Daar komt dan het 3e strijkkwintet van Mozart KV515. Alina Ibragimova brengt het publiek in vervoering met haar speelse en zeer expressieve toon. Uit het eerste deel blijft vooral het wisselgesprek tussen viool en cello in het geheugen kleven, in het 3e deel speelt Ibragimova een uitgebreid vogeltjilp-duet met 1e altist Amihai Grosz; daar spat het muzikale lentegeluk vanaf! Het eveneens zeer charmante Rondo-achtige slotdeel tovert brede glimlachen tevoorschijn bij het publiek, en oogst gelijk een staande ovatie.
Na de pauze volgt het pièce de résistance van dit concert, het machtige strijkkwintet van Anton Bruckner. Het eerste deel is een hele opus op zich, met klanken in alle formaten, kleuren en toonsoorten. Opvallend zijn o.a. diverse solo-recitatieven die de ronde doen in het ensemble, dan weer afgewisseld door unisono figuren die de weg omhoog wijzen. Het daarop volgende scherzo heeft een grappig rytmisch idee, ik moet denken aan een gesyncopeerd kinderliedje “with a twist”. Door de vrij hoge temperatuur in de zaal is het moeilijk om hier de wispelturige modulaties goed te volgen – het kwintet staat dan wel in een centraal gelegen F groot, maar Bruckner laat ons menig tussenstop van de kwintencirkel zien!

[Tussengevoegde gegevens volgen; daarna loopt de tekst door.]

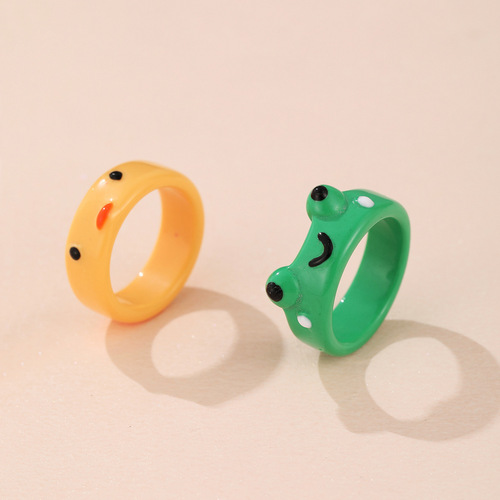 European and American cross-border new personalized cartoon frog ring fashionable cute style frog resin ring index finger knuckle ring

En dan, eindelijk, komt het beroemde Adagio. Dit deel staat in de voor strijkers nogal onwennige toonsoort van Ges groot, waardoor er geen open snaren meer kunnen meetrillen, behalve als hogere-orde boventonen. Misschien komt hierdoor juist die extra spirituele gloed, allemaal warme wollige klanken. Altist Amihai Grosz – door zijn gastvrouw in het programmaboekje liefkozend getypeerd als “de kleine knuffelbeer van de muziekfestivals” slaat hier zijn slag met de inzet van het 2e thema (eigenlijk gewoon een omkering van het 1e thema), waarmee hij een collectieve zucht van puur altviolistisch genot in de zaal opwekt. De rest van het deel zwemmen we in hemels geluk. Het heeft een verwantschap met de buitenaardsheid van Beethovens Heiliger Dankgesang.
In het slotdeel vallen de heerlijk resonante C-snaarklanken uit de altviool van Gijs Kramers op. Je ziet gelijk wie de altviolisten in het publiek zijn, ze gaan verzitten, alsof ze een hondenfluit hebben gehoord. Er komen nieuwe variaties en combinaties van figuren uit de eerste 2 delen, en zo lijkt het alsof deze delen het aardse stutwerk aan de voet van de “Jakobs ladder” (het Adagio) vormen. De finale is ouderwets symfonisch (Bruckner kreeg heel wat critische commentaar hierop), waarbij de 1e altviool de slotmaten dirigeert met zijn accoorden.
Heel knap van deze musici om zo’n reusachtig stuk binnen enkele dagen met elkaar in te studeren. De violistes (Ferschtman en Ibragimova) komen al in de loop van de avond steeds beter op dezelfde golflengte, je ziet hoe ze zich aan elkaar aanpassen, adem, beweging, streek. De C-snarige instrumenten brachten als groep de nodige diepgang in de klank, maar aller meest heb ik toch genoten van de smeltwarme klank van Amihai Grosz.
Volgende week komt o.a. de noorse altviolist Lars Anders Tomter naar Delft, dus de kans is groot dat er nog meer verslagen van het festival op deze pagina zullen volgen.